I'd like the data below restated word for word, with the pictures left out.

§ **Stored data**:
════════════════

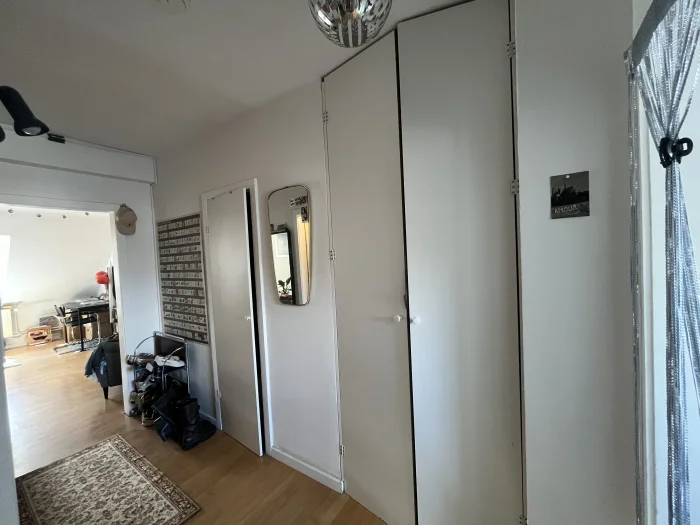 Vorschaubild 3
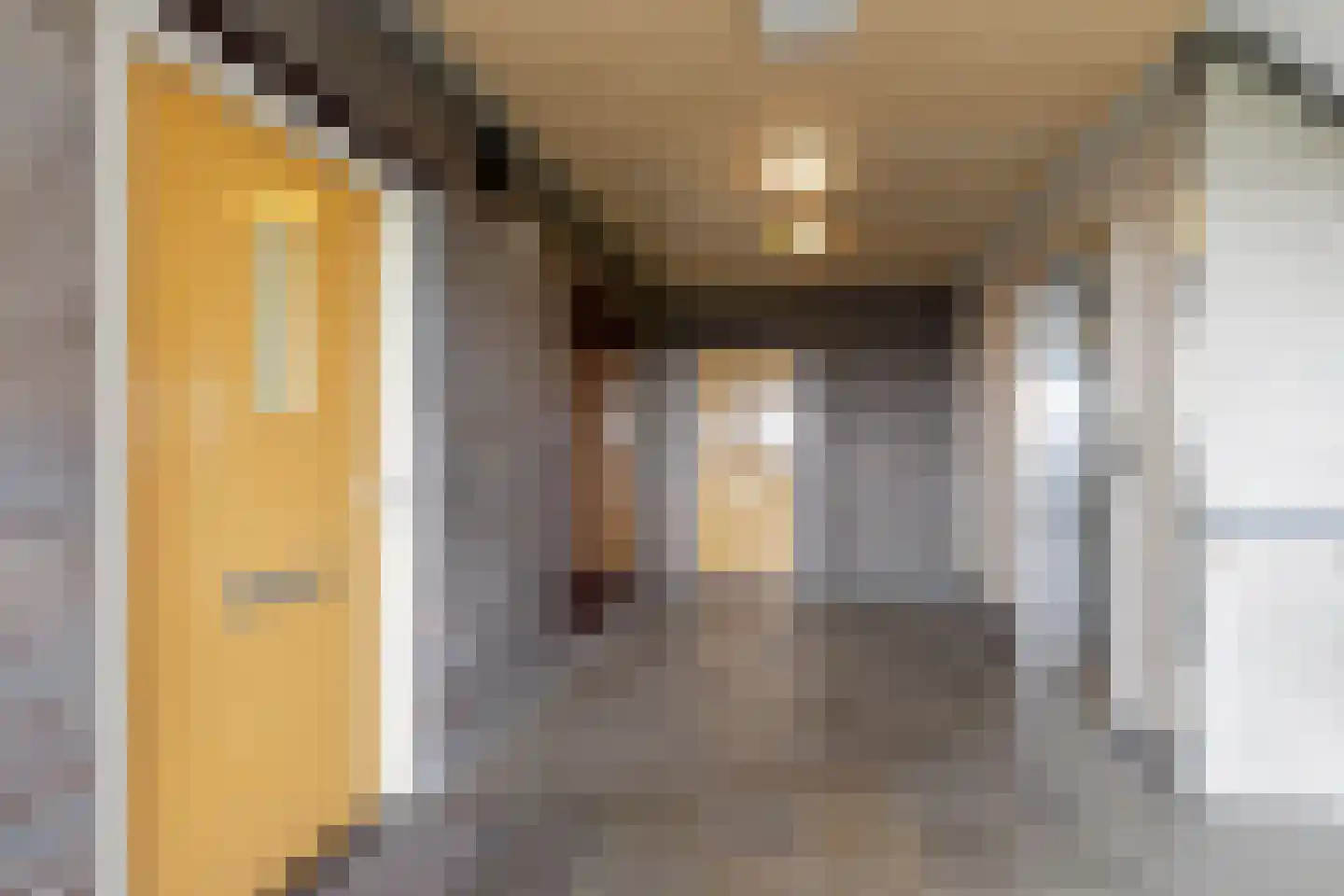 Bentinckplein 88 Rotterdam thumbnail 35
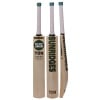 SS Retro Classic Power Plus English Willow Cricket Bat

════════════════

§ **Result**:
 Vorschaubild 3
 Bentinckplein 88 Rotterdam thumbnail 35
 SS Retro Classic Power Plus English Willow Cricket Bat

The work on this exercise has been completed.